Father’s Day yesterday reminded me of a letter I wrote to my Dad well over a year ago. I wrote it, but I know I can never send it…
You’re nearly 81, who knows how long you have left? Only God I suppose. Mam’s been gone nearly 6 years and you still miss her don’t you. Every single day. You talk about your prayers and not being able to get to Mass and it makes you sad.
Sometimes I get a glimpse of grace in your life. When you wept for a prisoner who will never see the light of day again or a family whose home has been destroyed by floods. But then you go back to your little world of memories and your silly lotto tickets!
I remember the day you were knocked down. I was told that you broke your leg and I had to stay with Aunty May for a while. I didn’t like that. I was 13, not a baby but I wanted to go home. Did I know it was worse than they had told me? How could I have?
Your brain damage has taken your sense of responsibility, your ability to reason, your hygiene. But not your love alcohol sadly. But nor has it taken your love for your children and your grandchildren.
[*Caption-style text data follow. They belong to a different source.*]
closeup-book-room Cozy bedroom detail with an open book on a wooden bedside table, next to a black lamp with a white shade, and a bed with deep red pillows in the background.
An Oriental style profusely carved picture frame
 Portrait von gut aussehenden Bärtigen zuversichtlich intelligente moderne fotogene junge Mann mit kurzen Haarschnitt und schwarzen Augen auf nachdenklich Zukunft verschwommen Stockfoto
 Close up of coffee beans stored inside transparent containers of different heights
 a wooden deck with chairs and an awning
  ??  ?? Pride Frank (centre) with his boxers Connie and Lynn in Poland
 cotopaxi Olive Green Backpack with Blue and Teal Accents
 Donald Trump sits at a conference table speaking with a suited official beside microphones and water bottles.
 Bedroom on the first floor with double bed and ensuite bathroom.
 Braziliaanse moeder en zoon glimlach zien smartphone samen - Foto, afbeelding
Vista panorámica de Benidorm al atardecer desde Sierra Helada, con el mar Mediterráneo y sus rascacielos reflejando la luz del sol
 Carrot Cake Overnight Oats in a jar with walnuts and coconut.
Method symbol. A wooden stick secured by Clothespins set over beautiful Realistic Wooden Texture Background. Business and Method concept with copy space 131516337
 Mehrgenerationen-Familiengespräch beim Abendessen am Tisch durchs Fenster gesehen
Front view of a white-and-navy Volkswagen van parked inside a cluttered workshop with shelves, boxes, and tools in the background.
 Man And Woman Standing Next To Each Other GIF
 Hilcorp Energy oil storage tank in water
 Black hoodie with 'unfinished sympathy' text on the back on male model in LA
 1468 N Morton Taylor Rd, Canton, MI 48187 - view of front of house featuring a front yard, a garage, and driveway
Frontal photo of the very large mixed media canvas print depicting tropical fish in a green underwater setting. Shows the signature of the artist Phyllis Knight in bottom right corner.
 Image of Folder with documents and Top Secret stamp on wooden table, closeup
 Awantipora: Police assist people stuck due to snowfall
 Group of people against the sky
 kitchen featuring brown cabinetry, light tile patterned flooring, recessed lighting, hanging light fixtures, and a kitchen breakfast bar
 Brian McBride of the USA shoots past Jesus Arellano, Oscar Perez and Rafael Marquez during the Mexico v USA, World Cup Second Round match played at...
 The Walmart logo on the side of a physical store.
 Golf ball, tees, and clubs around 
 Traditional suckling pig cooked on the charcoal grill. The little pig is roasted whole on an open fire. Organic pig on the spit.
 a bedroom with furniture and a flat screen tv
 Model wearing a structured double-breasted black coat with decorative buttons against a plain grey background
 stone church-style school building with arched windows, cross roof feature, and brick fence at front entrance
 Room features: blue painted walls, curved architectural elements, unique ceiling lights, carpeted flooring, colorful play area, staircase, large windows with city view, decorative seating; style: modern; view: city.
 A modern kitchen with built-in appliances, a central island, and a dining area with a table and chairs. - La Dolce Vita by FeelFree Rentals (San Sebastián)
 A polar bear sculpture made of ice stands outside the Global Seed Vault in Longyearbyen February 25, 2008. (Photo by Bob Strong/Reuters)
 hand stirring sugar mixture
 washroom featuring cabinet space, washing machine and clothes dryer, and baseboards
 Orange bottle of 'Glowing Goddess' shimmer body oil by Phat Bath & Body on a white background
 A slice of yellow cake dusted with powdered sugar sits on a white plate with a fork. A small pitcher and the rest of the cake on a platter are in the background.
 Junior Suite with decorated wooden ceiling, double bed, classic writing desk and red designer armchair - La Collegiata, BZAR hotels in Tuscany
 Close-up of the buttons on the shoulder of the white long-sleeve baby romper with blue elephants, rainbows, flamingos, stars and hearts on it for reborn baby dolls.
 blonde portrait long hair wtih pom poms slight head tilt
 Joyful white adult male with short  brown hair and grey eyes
You love Christmas and enjoy buying and wrapping more than getting. You passed lots of that stuff on to us all and we’re grateful for that.
I wish I could get your attention long enough to tell you all this. And to tell you that I have another Father. He is older than you but ageless. He has His wits about Him at all times. And listens to me in a way that you haven’t been able to for years. He is your Father too. Well you’ve said He is, when I heard you saying the Lord’s Prayer. I hope you totally understand what you are praying.
If I could get you to listen to me I’d love to tell you how He loves you and cares for you and wants you to be with Him when your body finally gives up on you. But I can’t get through. So I pray the Holy Spirit speaks to your spirit and that you know His love and will be with Him eternally.
I love you Da, thank you for everything.